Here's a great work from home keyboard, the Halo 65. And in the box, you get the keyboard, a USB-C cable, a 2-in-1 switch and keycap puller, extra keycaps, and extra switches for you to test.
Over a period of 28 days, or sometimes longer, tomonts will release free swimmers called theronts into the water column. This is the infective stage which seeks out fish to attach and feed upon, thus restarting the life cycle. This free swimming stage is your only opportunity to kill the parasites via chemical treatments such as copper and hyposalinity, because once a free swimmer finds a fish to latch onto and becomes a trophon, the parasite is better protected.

· · ·

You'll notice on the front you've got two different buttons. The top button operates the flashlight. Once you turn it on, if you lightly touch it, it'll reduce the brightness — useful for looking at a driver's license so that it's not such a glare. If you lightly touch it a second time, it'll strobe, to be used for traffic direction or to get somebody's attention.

· · ·

[Aim of the exercise]: A number is the only answer here: how many lines of the material above contain "such"?

[Result of the task]: 2